La Codeco dit agir au nom de la communauté “Lendu”, qu’elle entend défendre contre les “Hema”, peuple d’éleveurs nomades qui se sont installés historiquement plus tard dans la région.

Un groupe armé rival, les “Zaïre”, créé en réaction à la Codeco pour défendre les Hema, a également commis des massacres en Ituri en 2022. Ces deux groupes armés s’affrontent régulièrement, notamment au nom de représailles mais aussi pour le contrôle des mines d’or dans la région.

Ces 25 dernières années, la rivalité sanglante entre Lendu et Hema a fait de nombreuses victimes dans les deux camps, mais les racines du conflit sont encore plus anciennes, explique notre Observateur Alain Uaykani, journaliste en Ituri. Enfant, il avait lui-même été recruté dans une milice Hema.

Les Hema sont un peuple pasteur qui a migré [au 19e siècle, NDLR] dans la région des Grands Lacs. De leur côté, les Lendu considèrent qu’ils sont les autochtones et que les Hema ont pris leur terre. Quand Codeco attaque un village, ils s’en prennent donc aux maisons, aux champs, aux vaches… Toutes ces choses qui représentent la richesse, à leur yeux, des Hema. 

Une des vaches tuées et éventrée dans une ferme du territoire de Mahagi, le 18 mars 2023. Voler ou s’en prendre aux vaches est caractéristique de la Codeco.
Une des vaches tuées et éventrée dans une ferme du territoire de Mahagi, le 18 mars 2023. Voler ou s’en prendre aux vaches est caractéristique de la Codeco. © Les Observateurs

Cela fait des générations que ça dure.
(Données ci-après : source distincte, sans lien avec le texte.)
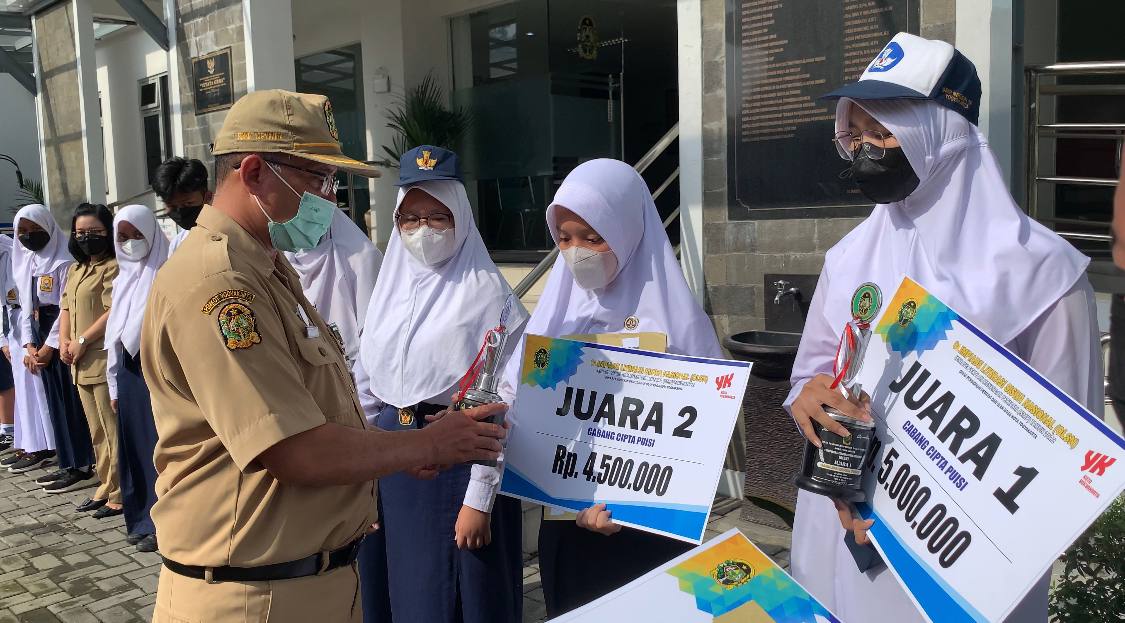 Penyerahan Trophy Lomba OLSN jenjang SMP tingkat Kota Yogyakarta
On a grandi en entendant : “vous devez vous défendre parce que ces gens-là [les Lendu] veulent vous exterminer”. C’est ce qu’on disait pour nous recruter petits. 

La Codeco aujourd’hui est différente des milices Lendu que j’ai affrontées en tant qu’enfant soldat dans les années 2000. Ils ont plus de pouvoir, ont pris le contrôle de mines d’or.

Mais ils n’ont plus vraiment de chaîne de commandement, de ligne politique, etc. Ce manque de structure rend difficile leur contrôle. Aujourd’hui, ce sont des voyous qui n’écoutent personne, seulement cette motivation de revanche envers les Hema.

“ La progression des Codeco est quasiment parallèle au nombre de conflits entre mineurs artisanaux”

Pour nos Observateurs appartenant à la communauté Hema, aucun doute : toutes les actions de la Codeco ont pour origine le conflit ethnique avec les Lendu. Cependant, plusieurs éléments montrent également le rôle des facteurs sociaux-économiques propres à la région. Il y a par exemple le fait que la milice ait fait des victimes à Mahagi, territoire où ne vivent pas les Hema mais qui est un carrefour commercial avec l’Ouganda. Et la région d’influence de la Codeco, le territoire de Djugu, compte de nombreuses mines d’or.

Guillaume de Brier est chercheur pour l’IPIS, un institut indépendant de recherche belge. Il documente depuis plusieurs années les exactions liées au secteur minier dans l’est de la RD Congo.

On est dans une région isolée où la présence de l'État se limite à des agents impayés où leur mission n'est plus assurée. Il y a de nombreux conflits entre mineurs artisanaux, liés notamment aux délimitations des mines, quand deux puits sont trop près, et que les galeries se rencontrent par exemple, ou quand des chefferies revendiquent telle ou telle zone. 

La fermeture d'un puits ou d'une mine est un moyen pour un acteur de montrer sa puissance sur la population. Cet acteur peut être un agent d'un service étatique qui veut les punir de ne pas payer une taxe, mais cela peut aussi être un groupe armé non-étatique, l'armée. Quand cela arrive, on se retrouve avec près de 400 personnes sans travail du jour au lendemain.

Et les Codeco parviennent à être un catalyseur de tous les mineurs qui ne peuvent plus travailler, à cause de la fermeture de leurs mines.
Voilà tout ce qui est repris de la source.